BEGIN ENTRIES SHOWN

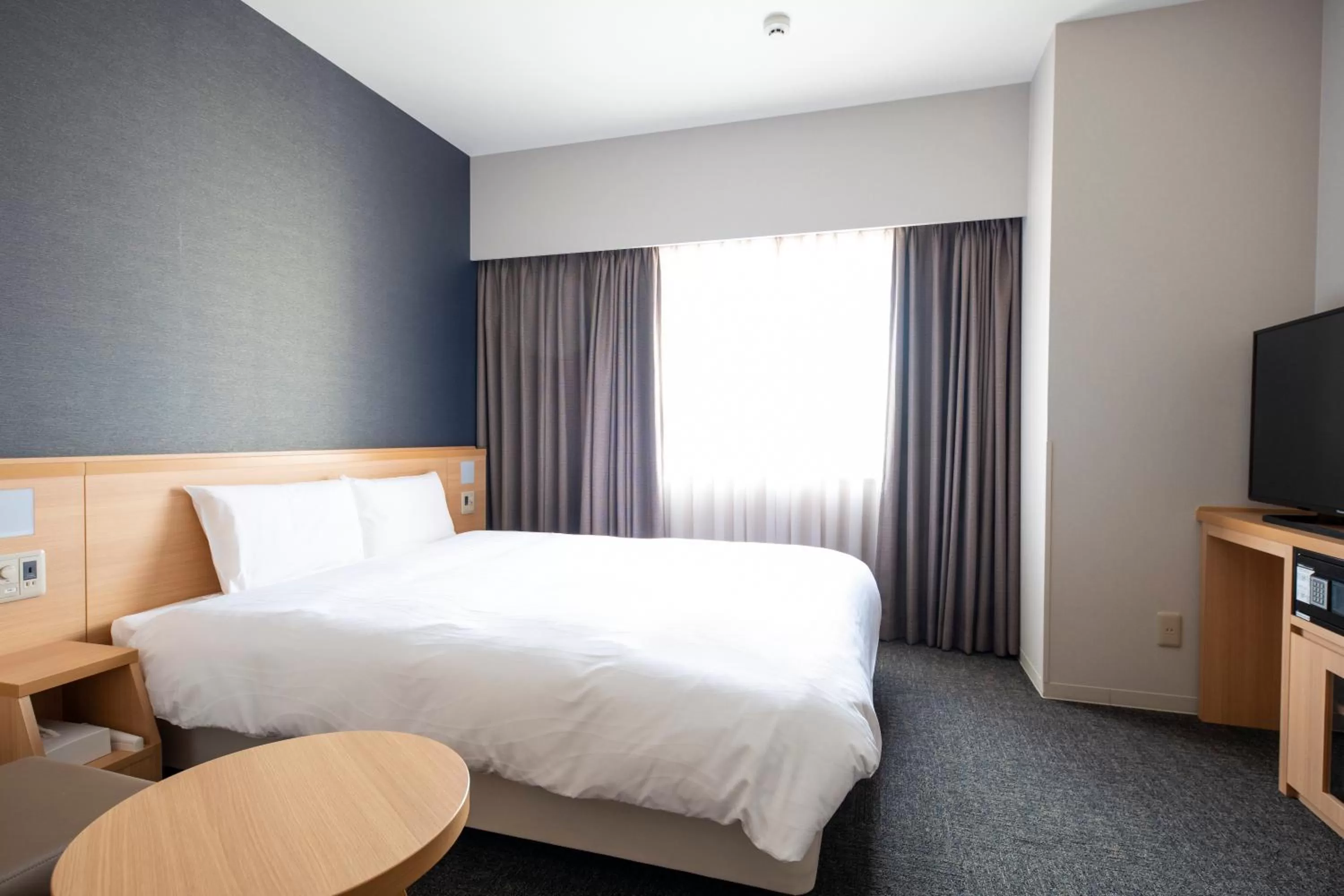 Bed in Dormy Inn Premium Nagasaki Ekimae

END ENTRIES SHOWN
BEGIN ENTRIES SHOWN

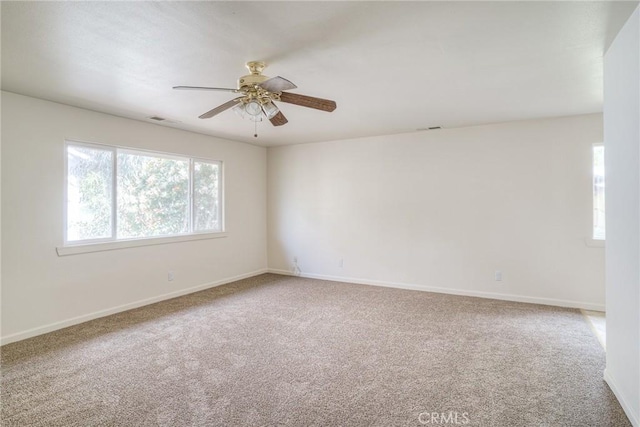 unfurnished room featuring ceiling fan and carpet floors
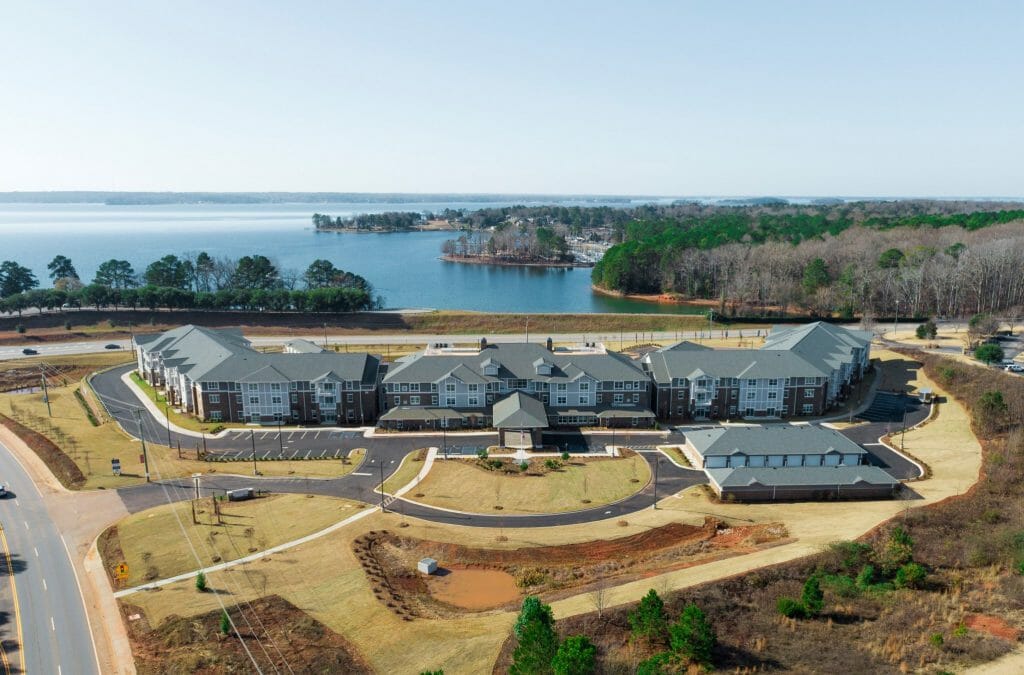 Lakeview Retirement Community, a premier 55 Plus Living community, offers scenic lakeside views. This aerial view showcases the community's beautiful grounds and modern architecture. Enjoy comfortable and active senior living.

END ENTRIES SHOWN

TASK: Would you please repeat only the lines above, beginning at the one that has "unfurnished room featuring" and stopping after the one that has "Lakeview Retirement Community, a", exactly and with no pictures?

ANSWER BOX:
 unfurnished room featuring ceiling fan and carpet floors
 Lakeview Retirement Community, a premier 55 Plus Living community, offers scenic lakeside views. This aerial view showcases the community's beautiful grounds and modern architecture. Enjoy comfortable and active senior living.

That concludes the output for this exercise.